** Supplied material **

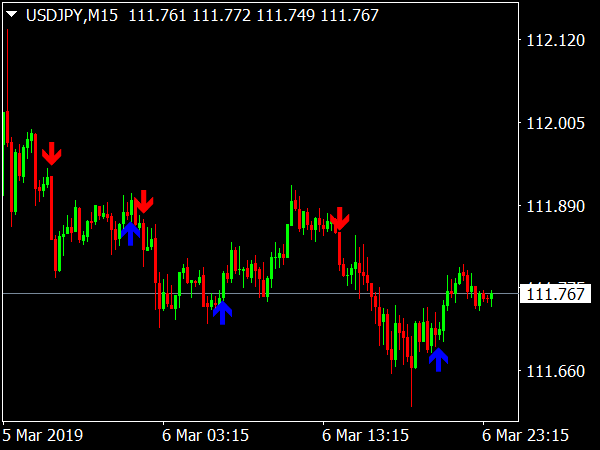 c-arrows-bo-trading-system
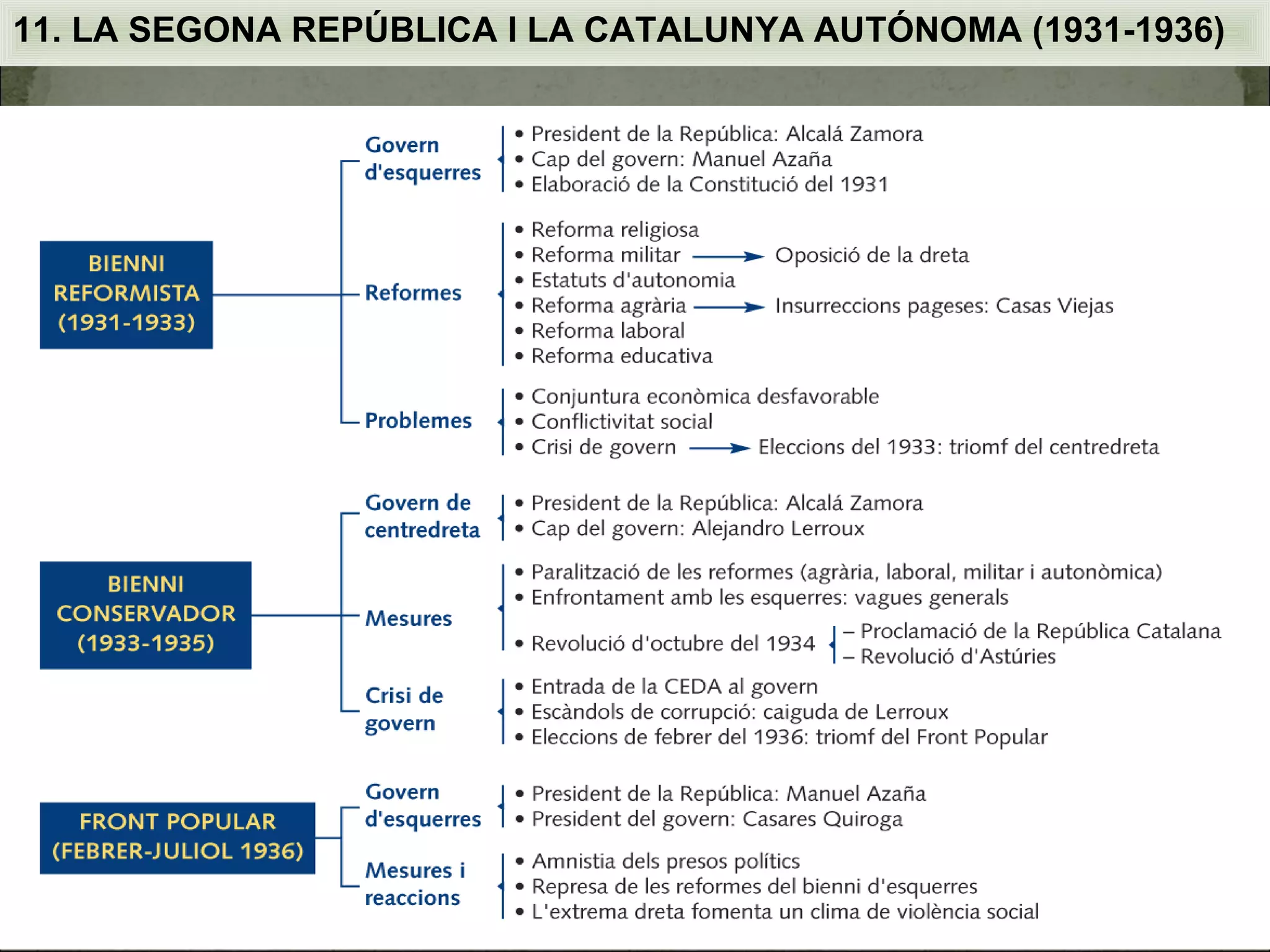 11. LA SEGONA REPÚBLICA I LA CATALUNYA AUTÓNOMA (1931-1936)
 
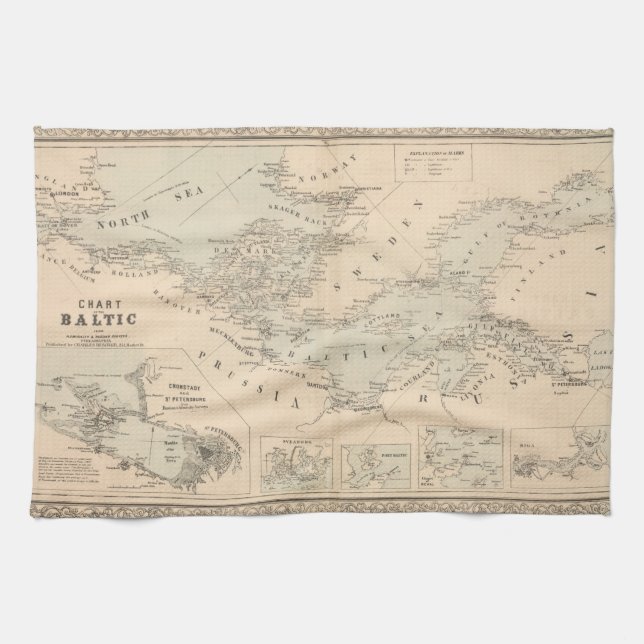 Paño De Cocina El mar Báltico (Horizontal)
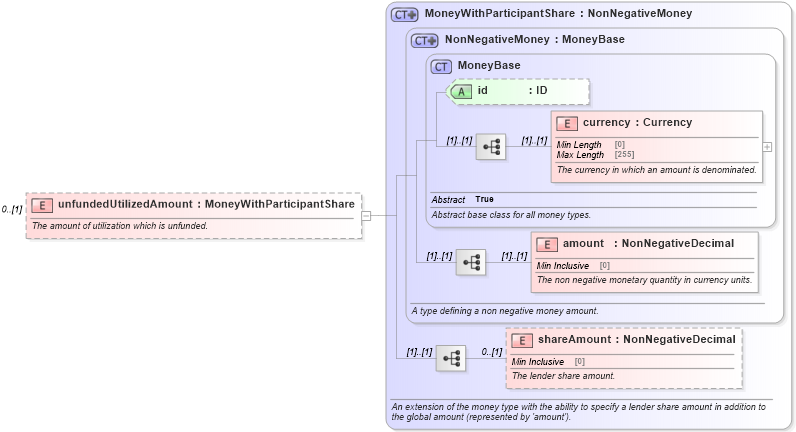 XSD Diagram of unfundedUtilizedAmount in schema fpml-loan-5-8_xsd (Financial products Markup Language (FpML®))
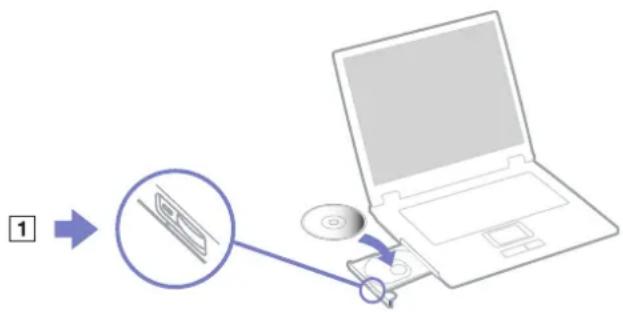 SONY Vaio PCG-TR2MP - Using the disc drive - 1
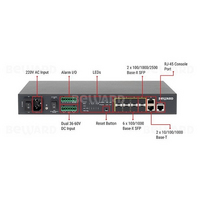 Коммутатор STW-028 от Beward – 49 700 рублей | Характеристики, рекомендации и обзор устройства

---

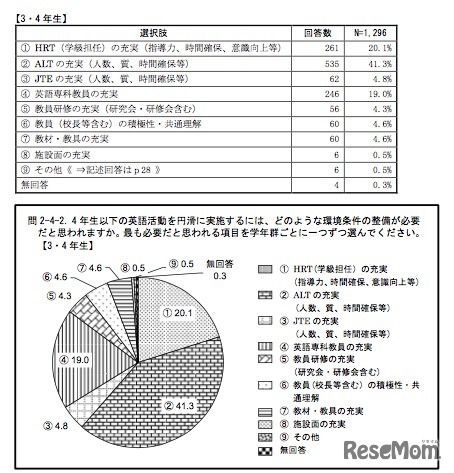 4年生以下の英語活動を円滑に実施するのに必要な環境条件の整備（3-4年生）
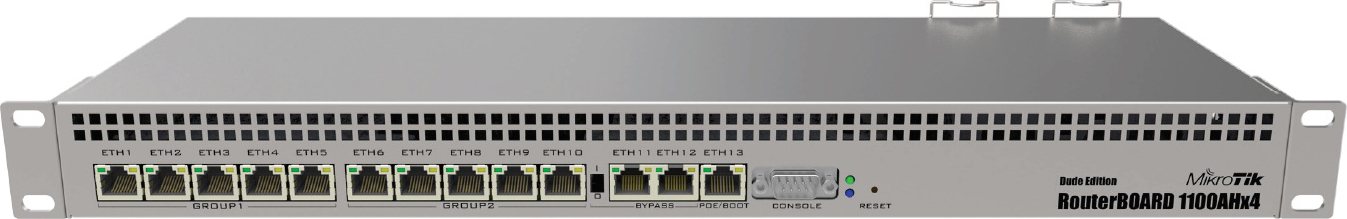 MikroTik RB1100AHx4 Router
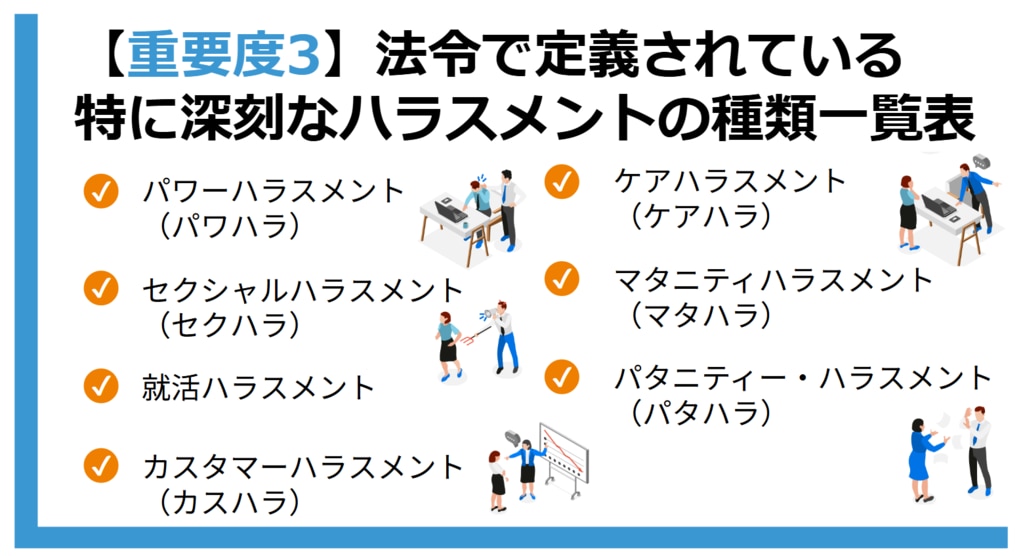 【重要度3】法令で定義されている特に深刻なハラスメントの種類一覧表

** Assignment **
Your answer should consist of the lines above between those holding "SONY Vaio PCG-TR2MP" and "Коммутатор STW-028 от", inclusive, reproduced word for word and without pictures.

** Output for this exercise **
 SONY Vaio PCG-TR2MP - Using the disc drive - 1
 Коммутатор STW-028 от Beward – 49 700 рублей | Характеристики, рекомендации и обзор устройства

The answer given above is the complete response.